CW: Families grow very fast.

LB: We lived on a farm and Saturday evenings we would go to town. I had three sisters. We would go with my mother. We would go to The Cash Quality Store to Meyerholtz’s Store and to Shoemaker’s. I didn’t always go with my mother because I would sometimes meet my friends. Our whole group would just walk around and walk around. We would stop at the popcorn machine on the corner by the 5 and 10 cent store. Of course there were the drug stores with the ice cream and other things.

CW: Did you get sodas at the drugstore?

LB: Yes we did. We didn’t have a whole lot of money to spend so we were sort of limited. We would eat ice cream cones too. Dad would go down and get his hair cut at the barbershop. Mom would buy some groceries at Spengler’s.

CW: I think at Spengler’s they had tables at the back where men could go and have a beer and up towards the front were the groceries where the women could buy their groceries. I think that the women probably never went to the back part.

LB: Not much but some of them did go in the back with their husbands. We would go back there and have a hot dog and an orange soda. That was my favorite.

CW: We called it pop.

LB: Of course we didn’t do that all the time.

CW: Dick do you remember going to town?

DB: My mother would be working at the bakery. I think the bakery closed at 9 o’clock. I was at the bakery most of the time. Of course that was when I was in grade school.

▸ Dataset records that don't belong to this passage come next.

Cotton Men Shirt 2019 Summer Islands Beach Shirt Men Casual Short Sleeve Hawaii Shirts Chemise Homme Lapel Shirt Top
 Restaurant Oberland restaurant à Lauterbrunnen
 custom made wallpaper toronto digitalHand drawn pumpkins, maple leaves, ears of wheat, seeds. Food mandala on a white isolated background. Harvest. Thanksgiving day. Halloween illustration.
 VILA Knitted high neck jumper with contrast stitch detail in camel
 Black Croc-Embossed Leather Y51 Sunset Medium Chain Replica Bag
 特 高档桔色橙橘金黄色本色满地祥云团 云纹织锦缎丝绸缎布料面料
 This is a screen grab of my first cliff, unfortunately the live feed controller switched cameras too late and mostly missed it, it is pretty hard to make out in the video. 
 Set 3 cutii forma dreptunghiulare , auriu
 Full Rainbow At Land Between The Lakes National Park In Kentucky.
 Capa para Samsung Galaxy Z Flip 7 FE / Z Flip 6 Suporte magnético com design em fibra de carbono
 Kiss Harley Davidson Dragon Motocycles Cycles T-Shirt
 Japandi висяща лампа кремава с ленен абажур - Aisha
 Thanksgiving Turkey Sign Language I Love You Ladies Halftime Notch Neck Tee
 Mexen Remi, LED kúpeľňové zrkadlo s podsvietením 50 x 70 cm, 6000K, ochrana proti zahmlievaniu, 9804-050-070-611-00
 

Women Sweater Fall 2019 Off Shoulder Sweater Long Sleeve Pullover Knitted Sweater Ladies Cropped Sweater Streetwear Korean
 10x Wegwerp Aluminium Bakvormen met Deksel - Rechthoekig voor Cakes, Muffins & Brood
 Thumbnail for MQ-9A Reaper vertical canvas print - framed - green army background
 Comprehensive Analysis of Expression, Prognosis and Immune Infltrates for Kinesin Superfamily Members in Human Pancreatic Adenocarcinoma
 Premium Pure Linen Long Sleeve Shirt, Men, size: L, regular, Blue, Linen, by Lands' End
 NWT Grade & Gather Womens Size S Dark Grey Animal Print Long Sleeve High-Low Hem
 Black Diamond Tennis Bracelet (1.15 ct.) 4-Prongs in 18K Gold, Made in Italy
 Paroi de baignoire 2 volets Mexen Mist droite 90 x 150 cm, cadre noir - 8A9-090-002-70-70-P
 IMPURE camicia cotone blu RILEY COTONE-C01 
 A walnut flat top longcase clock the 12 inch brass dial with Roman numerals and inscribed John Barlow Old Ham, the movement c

CW: They probably wanted you to stay in the bakery so they could watch you.

LB: That is one of the places my mother would always stop at – the bakery to buy yeast.

DB: I can remember during World War II the farmers would come in and buy yeast because you couldn’t buy yeast just anywhere else. There was a shortage.

CW: Is that right!

DB: Of course the bakery had a pretty much unlimited supply there because they used it in their business. They weren’t rationed on the yeast but they were rationed on buying sugar. Sugar was scarce and they had to cut back on the amount of sugar they used. I can remember that part.

CW: Do you remember the green coupons they used to hand out? That was for sugar and gasoline, am I right?

DB: Yes. I think they limited buying tires too at that time.

CW: If you had a flat tire you would pretty much have to repair it yourself.

DB: I think so. Of course that is when most people did their own repairs. I read Moe Brubaker’s interview and he shined shoes for Bill Hatch, and I did too. Well I am older than Moe.

CW: Now I can remember them selling newspapers in the hotel.

DB: I don’t remember that.

CW: Anyway it would give you a different perspective if you were a kid to go where adults were talking. I think you would grow up with more of an adult attitude.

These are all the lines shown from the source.